In coming years, power companies will need to become more strategic and aware of water usage, writes Jan Bultiauw
Water has long been a crucial aspect of industrial manufacturing and production processes.
Mounting water shortages and resulting regulations across the globe are increasingly calling on industrial companies to evaluate water sources and technologies that more efficiently use – and reuse – the growing limited supply of freshwater.
Given the immense use of water in a variety of power production processes, rising regulations surrounding industrial water use can have a real impact on environmental and water preservation.
As such, it’s becoming all the more challenging to produce high quality water for industrial use given mounting regulations surrounding water quality, limiting usage and environmental discharge. Therefore, water – an already imperative piece of the power production process – is becoming increasingly important.
|Water treatment plants can supply process, cooling, boiler and HP boiler water|
Having a true impact on the production output, it’s crucial to ensure that power plants use the purest water in order to produce the highest quality products. If water quality is low, it compromises everything that follows.
Low water quality, whether caused by a variety of factors including contamination, turbidity, algal bloom or season/flow peaks, can damage equipment at a faster rate and/or increase the need for more routine maintenance – already an often expensive, time-consuming process – which can slow down or halt production altogether.
Additionally, if not addressed, poor water quality can also affect the life expectancy of a plant’s water systems and overall infrastructure.
Additionally, power plants require water treatment systems capable of meeting a wide variety of water quality demands and requirements for process, cooling, boiler and HP boiler water. Each of those specific processes also has its own set of water quality requirements and specifications, creating a need for a seamless water treatment management method to meet the many aspects of industrial water needs.
These growing regulations around water quality, water usage and environmental discharge continue to plague power plant operators who must not only understand the changing, complex landscape, but also devise a path forward that meets regulatory compliance.
Maintaining a healthy supply
As water quite literally fuels the production of power, these plants must ensure that they are prepared to keep the water flowing should they face any equipment challenges or regulatory issues.
As technology and design have vastly improved in the past decade, innovative solutions such as self-contained, mobile membrane filtration systems have emerged as capable and viable options that can provide high quality water during planned or unplanned instances.
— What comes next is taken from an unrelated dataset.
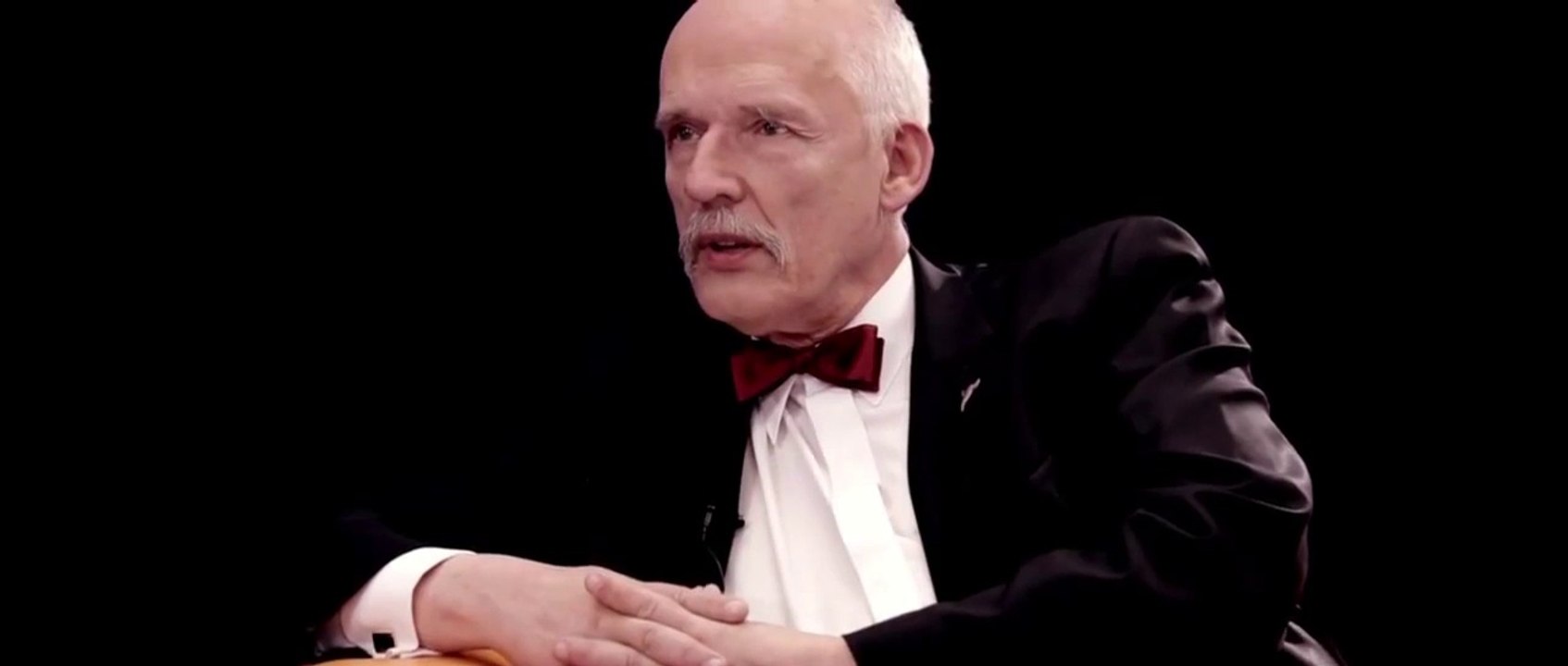 Janusz Korwin-Mikke - "Prezydent RP 2015"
These units are particularly valuable during periods of maintenance and repairs, when power plants must quickly meet regulatory deadlines, and in response to emergency situations where water production is unavailable.
|The Induss II water production plant at the port of Ghent|
Capable of producing large water quantities with a very small footprint, mobile membranes are ideal solutions for maintaining efficient water production in both the short and long term. These automated, self-contained units can be rapidly deployed and able to produce water within hours of installation.
They can also be operated remotely to limit the amount of downtime and lost production. As such, high capacity mobile membrane solutions are the ideal state-of-the-art technology to debottleneck and relieve old, conventional water treatment systems, while reducing operating and maintenance costs.
Faced with meeting stringent water quality requirements, a large European power plant was in need of identifying a reliable and more abundant source of water to feed its existing demineralization unit.
As the plant’s original water supply, conventionally treated groundwater, could no longer provide a stable and high quality treated water source, it had to quickly implement a solution in order to meet the impending water quality regulations and avoid plant shutdown.
Due to the short supply of water, the resolution was made to utilize water from the adjacent La Meuse river. To provide stable, high quality treated water, the source water, characterized as having variable organic load and suspended solids due to seasonal variation, required two mobile integrated membrane systems consisting of low pressure membranes and one reverse osmosis unit.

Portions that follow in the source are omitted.